C’était en 1973. La regrettée Etta James retrouvait le chemin des charts après le relatif insuccès de « Money (that’s what I want) », le moins regretté Kadhafi lançait avec enthousiasme sa Révolution populaire, la Stasi venait d’obtenir le droit officiel de tirer sur quiconque franchirait le mur de Berlin, et Jacques Lacan, toujours superbe en costume à carreaux, lâchait son fameux « Joyce, ce n’est certainement pas traductible en chinois » (Séminaire XX, page 37).
Comme il est intéressant de vivre en 2013. Jugez plutôt : non seulement Finnegans Wake vient d’être traduit dans cette langue, mais les Chinois s’accrochent à ce roman réputé illisible comme la tique sur la peau d’un chien.
Best-seller à Shanghaï, Jimmy Joyce ? L’affaire a tout l’air d’une farce, mais les témoignages locaux sont formels. Les étudiants affluent, les queues s’allongent, les libraires n’en reviennent pas. L’éditeur, un homme plutôt petit dont le nom ne vous dira rien (Wang Weisong), se frotte les mains. Et dire que ce businessman a cru bon de lancer une campagne d’affichage pour vanter les mérites du plus catholique des écrivains illisibles… Si ce n’est pas du flair, ça.
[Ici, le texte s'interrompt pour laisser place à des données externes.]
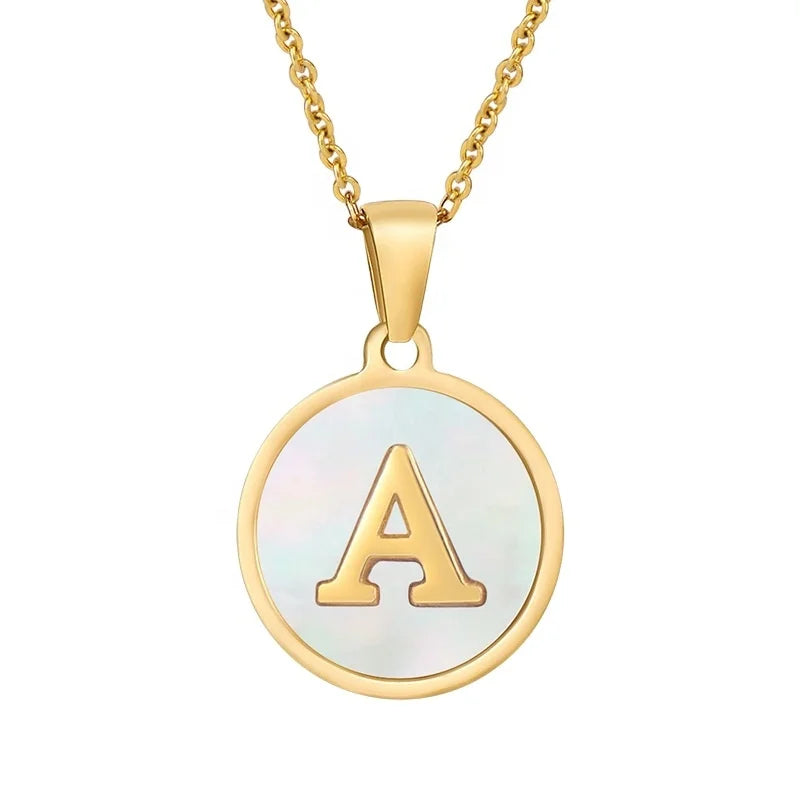 New Round Shell Stainless Steel Letter Necklace Ladies 26 English Letter Pendant Jewelry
Naturellement, nos confrères s’interrogent. Si le péquin moyen n’entrave que pouic, comment expliquer la courbe des ventes ? Pour les uns, l’explication relève de la sociologie bourdivine. Les Chinois seraient devenus bourgeois, et, ce faisant, vaniteux (bienvenus au club !). Pour les autres, l’affaire tiendrait du défi sportif : avaler le plus grand nombre de pages sans comprendre. Une chose est sûre: la traductrice s’est bien gardée de faciliter la tâche du lecteur. « Je ne serais pas fidèle à l’intention originale du roman si ma traduction était facile.« , déclare-t-elle. Sage parole, qui nous rappelle que la compréhension n’occupera jamais qu’une place secondaire, pour ne pas dire accessoire, dans cette aventure. Doit-on étendre cette remarque aux femmes, à l’amour, et à la vie elle-même ? Ce ne serait pas une mauvaise idée.